Budget changes to Venture Capital Trusts (VCTs) will make these schemes more attractive to larger investors. Up-front income tax relief was doubled to 40 per cent and the annual investment limit doubled to £200,000. These are incentives which may leave the smaller investor cold - but VCTs and other types of fund investing in the same area are worth considering for those with modest sums to invest.

Venture capital - investing in unquoted and often small new businesses - has always had a high-risk, specialist image. But the private equity sector, which includes venture capital funds, grew by an average 16.2 per cent a year over the 10 years to the end of 2002, the latest year for which figures are available, according to the British Venture Capital Association. This long-term record, say the experts, argues for its inclusion in private investors' portfolios.

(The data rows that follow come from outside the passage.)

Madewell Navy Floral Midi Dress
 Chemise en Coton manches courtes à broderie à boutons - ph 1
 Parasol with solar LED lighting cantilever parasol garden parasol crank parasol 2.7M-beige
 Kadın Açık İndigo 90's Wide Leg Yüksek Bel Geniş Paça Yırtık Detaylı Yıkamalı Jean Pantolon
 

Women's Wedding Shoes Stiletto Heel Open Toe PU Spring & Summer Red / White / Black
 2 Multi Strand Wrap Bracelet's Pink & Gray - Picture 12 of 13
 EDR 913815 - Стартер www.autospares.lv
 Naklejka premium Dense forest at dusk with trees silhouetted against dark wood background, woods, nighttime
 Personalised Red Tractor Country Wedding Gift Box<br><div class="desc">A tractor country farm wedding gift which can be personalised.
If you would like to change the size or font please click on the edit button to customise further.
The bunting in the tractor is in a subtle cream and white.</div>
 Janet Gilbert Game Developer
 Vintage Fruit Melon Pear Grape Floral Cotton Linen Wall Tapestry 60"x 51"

The two main tax-privileged ways to invest in private companies are VCTs and Enterprise Investment Schemes (EISs), where the Budget increased the maximum annual investment from £150,000 to £200,000. The key difference between the two is that VCTs invest in a portfolio of unquoted shares, while an EIS invests in one company. That means that VCTs have the virtue of spreading risk around several businesses, which can be listed on the Alternative Investment Market.

Apart from absolute performance, one argument for private equity is its long-term ability to perform in the face of a downturn in quoted markets. In other words, including these assets among your investments could actually reduce risk rather than increasing it. On the other hand, valuing private companies can be difficult for even the most experienced manager.

David Cutler, an accountant who has been on the boards of several investment trusts, recounts how he advised the owners of one company to sell at any price. They persuaded a well-known private equity fund to pay more than twice what the board reckoned it was worth. And George Galazka's experience (see case study) shows that you need to know what you are doing.

Private equity can mean anything from investing in fledgling hi-tech companies which will not be profitable for several years to putting money into a management buyout by the senior executives of a large and profitable company. What these have in common is the intense element of involvement in the company by the fund manager, who will usually take a seat on the board and keep a very close eye on day-to-day progress.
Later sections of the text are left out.